アラブのことわざ、知っていますか?
「ハナとバナに抜かれて、ヒゲがなくなった。」
「どっちつかずには、ムチと棒とで百回ずつ。」
「ターバンが少しの風でうなるのなら、下着は一体どうなるのだ。」
あなたはこのうち、いくつ意味が分かりますか?
2007年最後のメルマガ「セクシー心理学」から、アラブのことわざをお届けします。
◆ 日本とアラブの文化の違い?
あなたは「坊主憎けりゃ袈裟まで憎い」ということわざをご存じでしょうか。
「何かを憎むと、その人に関連するものまで憎くなる」という心理のことを言います。
心理学では「連合の法則」と言ったりします。
このことわざ、僕はよく使うので「ぼに」で単語登録しています。
以前に、歌手の「ボニーピンク(BONNIE PINK)」と打とうとして、
「坊主憎けりゃ袈裟まで憎いーピンク」というシュールな変換ミスができあがったことがあります。切なかったです。

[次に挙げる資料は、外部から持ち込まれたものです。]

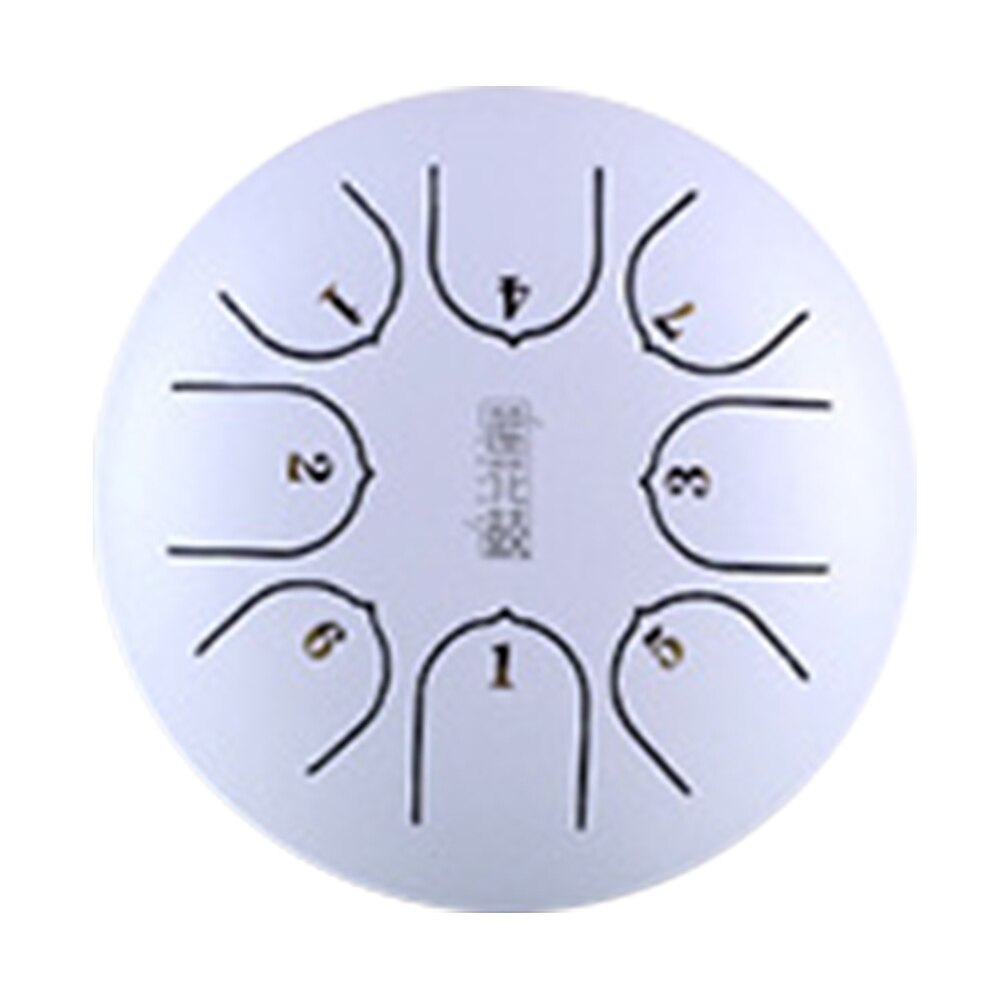 6 Inch 8 Notes Music Education Mini Instrument G Tune Tank Steel Tongue Drum Party With Mallets Hand Pan C Key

さて、このことわざ、日本人なら誰でも分かりますが、海外の人にとっては、かなり意味不明でしょう。
学生時代にトルコを旅行していたとき、
「日本のことわざを教えてほしい」というトルコ人にたいして、このことわざを教えてみようとしたのですが、とても苦労しました。
相手「ボーズ?」
ユウ「ボーズ イズ ボールド ヘッド」
相手「ケサ?」
ユウ「ケサ イズ ヒズ コスチューム」
みたいに説明したのですが、10分間の格闘の後、
相手「オー! コスチューム・プレイ!」
ユウ「NO!」
という結論になって、非常に悲しかった思い出があります。
このように、各国独自のことわざは、他の国にとっては異文化。
ですので「アラブのことわざ」を聞いて、そのまま理解できる人は少ないと思います。
では、あなたはどうでしょうか。
まずは、こちらのことわざです。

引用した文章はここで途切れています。